Using (15), the scaling of \(w(n)\simeq dn^{d-1}\) as \(n\rightarrow \infty \) (20) and the partition function (27), and (23) we get

$$\begin{aligned}&\pi _{L,N}[{\tilde{\eta }}_1=n_1, {\tilde{\eta }}_2=n_2,\ldots ,{\tilde{\eta }}_k=n_k]\nonumber \\&\quad =\frac{L(L-1)\cdots (L-k+1)}{N(N-n_1)\cdots (N-\sum _{i=1}^{k-1} n_i)}\frac{Z_{L-k,N-\sum _{i=1}^{k} n_i}}{Z_{L,N}}\prod _{i=1}^k (n_iw(n_i))\nonumber \\&\quad \simeq \frac{L(L-1)\cdots (L-k+1)d^k}{N(N-n_1)\cdots (N-\sum _{i=1}^{k-1} n_i)} \Bigg (\frac{N-\sum _{i=1}^{k} n_i}{N}\Bigg )^{dL -1} \Bigg (N-\sum _{i=1}^k n_i\Bigg )^{-dk} \prod _{i=1}^k n_i^d. \end{aligned}$$

Since \(d=O(1/L)\) we have \(n_i^d \rightarrow 1\) and also \(\big (N-\sum _{i=1}^k n_i\big )^{-dk} \rightarrow 1\). Furthermore, with the choice of \(n_i\) we have

$$\begin{aligned} 1-\frac{1}{N}\sum _{i=1}^k n_i \simeq (1-x_1 )\cdots (1-x_k ) \end{aligned}$$

which implies (29). \(\square \)

For \(\alpha \rightarrow 0\) the above limiting distribution PD(\(\alpha \)) degenerates, with the mass fraction of the maximal occupation number tending to 1. Under a mild additional assumption \(dL\ll 1/\log L\) on the scaling, this statement can be significantly strengthened to ensure complete condensation in analogy with results in [23] for fixed L as \(N\rightarrow \infty \).

Proposition 2

In the thermodynamic limit \(L,N\rightarrow \infty \) such that \(N/L \rightarrow \rho \) with \(dL\log L\rightarrow 0\), we have complete condensation in the sense of (5), i.e. \(\pi _{L,N} \big [\max _{x\in \Lambda } \eta _x=N\big ]\rightarrow 1\).
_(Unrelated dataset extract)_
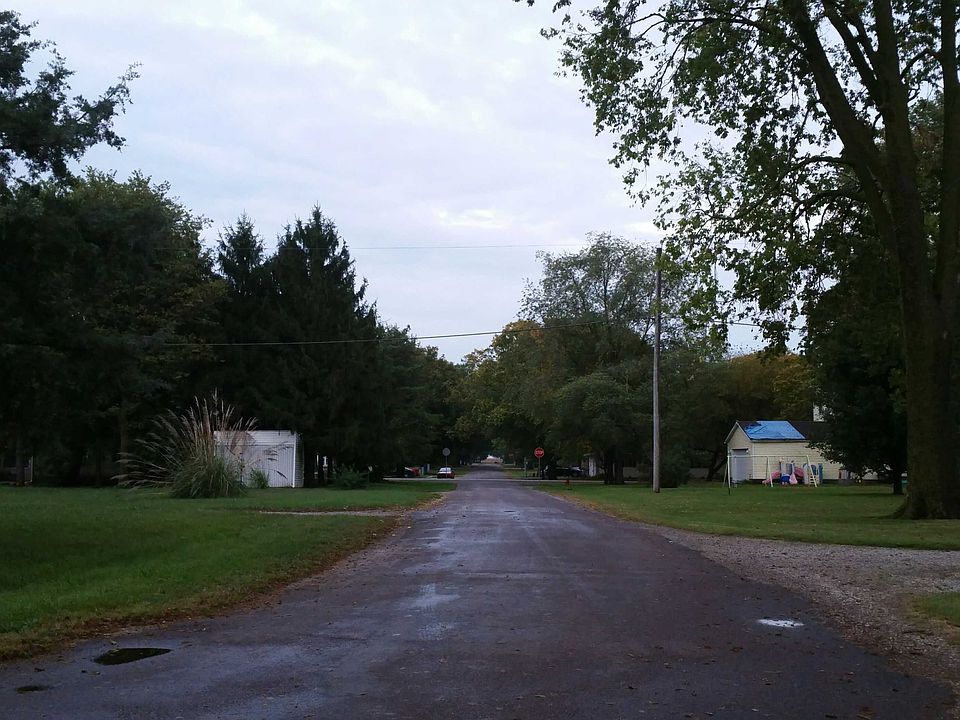 2nd image of 211 W Saint Louis St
It suffices to show for the first size-biased marginal that

$$\begin{aligned} \pi _{L,N} [{\tilde{\eta }}_1 =N-n] \rightarrow \delta _{n,0}\quad \text{ for } \text{ all } n\ge 0, \end{aligned}$$

which implies the same for the maximal occupation number. Using again (14), (20) and (27) we have for all \(n\ge 0\)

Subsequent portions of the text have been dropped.